Klişe bir tespit olacak ama durum maalesef böyle: “Ne zaman barış konusunda olumlu adımlar atılsa, bir şeyler oluyor...”
Bu “klişeye” yaslanmak dışında bir şey gelmiyor elimizden...
Çünkü aynen böyle oluyor...
Ne zaman “barış” konusunda olumlu adımlar atılsa, ne zaman toplumda “farklı” ve “sağduyulu” sesler yükselse, ne zaman bir çözüm ümidi belirse, bir şeyler oluyor.
Bu “bir şeyler” hep oldu.
Özal döneminden başlayarak, sürekli tekrarlanan bir oyun haline geldi.
Silahsız 33 erimizin öldürüldüğü “derin provokasyon”dan başlayarak Çukurca’ya, Dağlıca’ya, Gediktepe’ye, İskenderun’a, Tokat’a, Silvan’a, Uludere’ye varıncaya kadar, hep bu oldu...
Diyarbakır milletvekili Leyla Zana’nın, “Bu işi çözerse, Erdoğan çözer” açıklaması, bu “bir şeylerin” habercisi gibiydi.
Nitekim öyle oldu...
PKK’nın bu açıklamaya cevabı gecikmedi...
Kılıçdaroğlu’nun, “Bu meseleyi parlamentoya taşıyalım, bir akil adamlar heyeti oluşturalım, gerekirse liderler zirvesi toplayalım...” çıkışı...
Başbakan Erdoğan’ın bu çıkışa desteği...
Bülent Arınç’ın “Öcalan’a ev hapsini” dile getirmesi...
PKK yöneticilerinden Murat Karayılan’ın topu siyasete, siyaset kurumuna atması...
Farklı bir perspektiften baksa da, BDP’nin müzakerelere son tahlilde olumlu yaklaşması...

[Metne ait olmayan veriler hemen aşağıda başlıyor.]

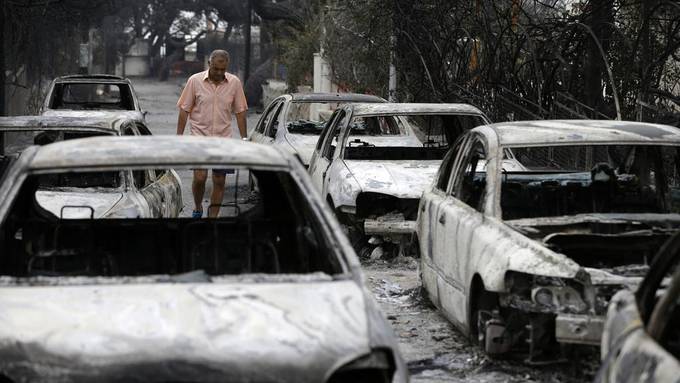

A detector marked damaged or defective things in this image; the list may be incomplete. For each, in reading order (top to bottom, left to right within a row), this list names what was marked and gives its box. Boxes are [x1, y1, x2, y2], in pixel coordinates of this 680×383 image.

Fiili olmasa da, zımni ateşkesin yürürlükte olması...
Bu olumlu tablo, mutlaka, o “bir şeyler”le gölgelenecekti.
İlginçtir, Kürt halkının özgürlüğü için savaştığını söyleyen PKK, özgürlükler konusunda adım atıldıkça, tavrını daha da sertleştiriyor.

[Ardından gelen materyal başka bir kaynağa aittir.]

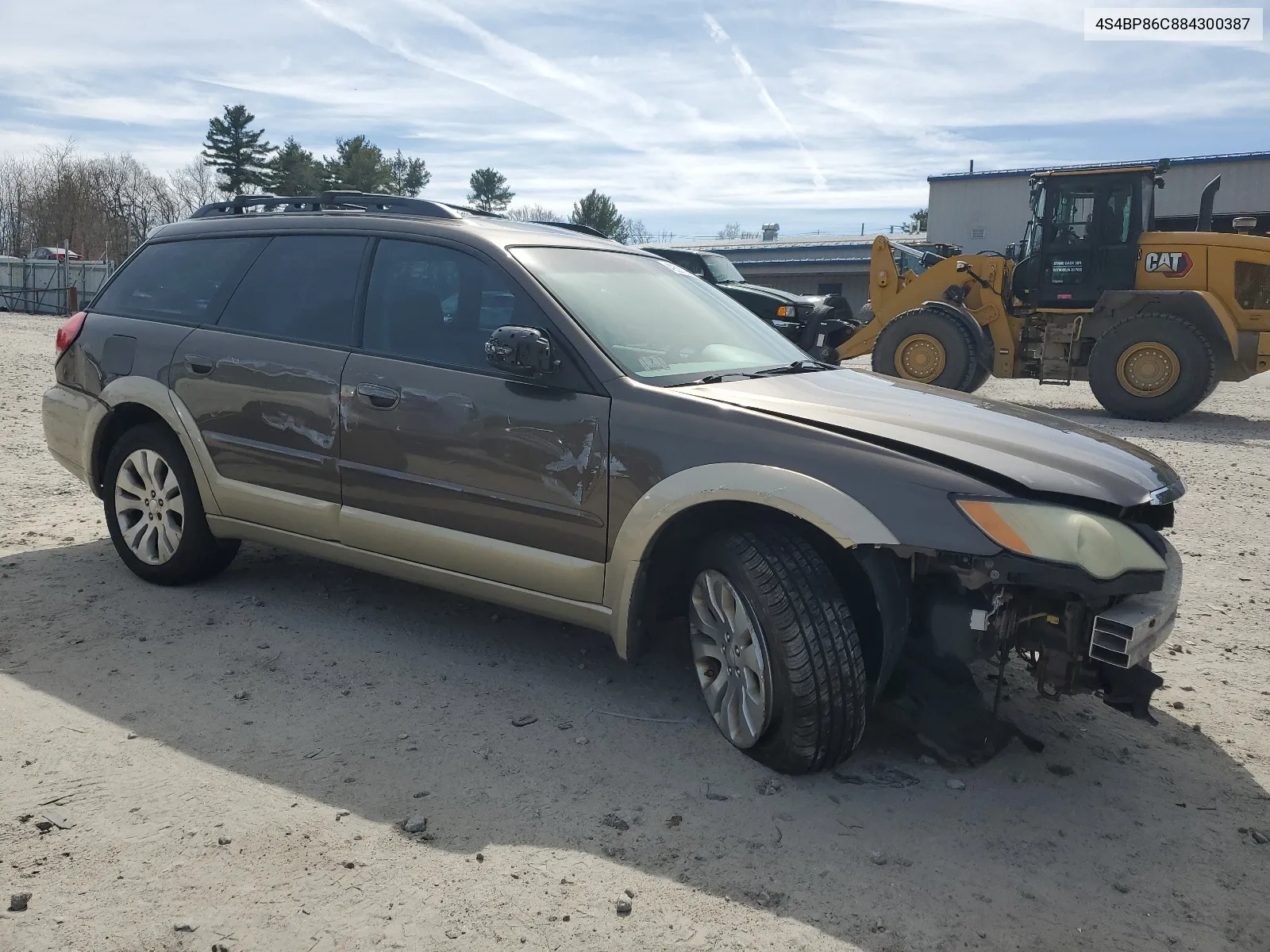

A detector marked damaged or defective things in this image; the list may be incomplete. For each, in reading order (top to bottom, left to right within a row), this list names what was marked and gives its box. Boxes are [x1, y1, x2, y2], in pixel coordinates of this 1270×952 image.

damaged front end [914, 538, 1178, 720]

Kürt halkı adına konuştuğunu iddia eden siyasiler, eskiden, “Şu olağanüstü hal kaldırılsın, başka da bir şey istemiyoruz” diyorlardı... Kürtçe şarkı söylemenin bile ağır yaptırımlara bağlandığı yıllardan söz ediyorum.

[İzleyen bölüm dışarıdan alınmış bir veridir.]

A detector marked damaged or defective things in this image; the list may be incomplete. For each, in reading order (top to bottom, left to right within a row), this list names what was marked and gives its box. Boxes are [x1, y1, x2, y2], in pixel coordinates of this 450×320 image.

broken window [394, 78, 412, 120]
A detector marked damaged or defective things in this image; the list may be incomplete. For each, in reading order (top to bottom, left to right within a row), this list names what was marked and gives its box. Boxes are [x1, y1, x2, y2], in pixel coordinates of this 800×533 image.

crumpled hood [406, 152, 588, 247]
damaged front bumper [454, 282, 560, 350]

İyi kötü bazı işler yapıldı.
Hem olağanüstü hal kaldırıldı, hem de “olağanüstü halin hukuksuzlukları” yargı sürecine taşındı.
Kürtçe “yasak dil” olmaktan çıkarıldı.
Kürtçe neşriyatın önündeki engeller kaldırıldı.
Kürtçenin “seçmeli ders” olarak okullarda okutulması sağlandı...
Üstelik, parlamentoda, bir “temsil”den geldiğini söyleyen ve tamamen kimlik siyasetine yönelmiş siyasi bir parti var.
Müzakere ve münazara kanalları tamamen açık...
Her türlü fikir ifade edilebiliyor.
Her türlü fikriyat kendisine “yandaşlar” ve “taraftarlar” bulabiliyor.
Her talep dikkate alınıyor.
Her istek anında değerlendirmeye tabi tutuluyor.
Terör örgütüne “müzakere heyetleri” bile gönderiliyor.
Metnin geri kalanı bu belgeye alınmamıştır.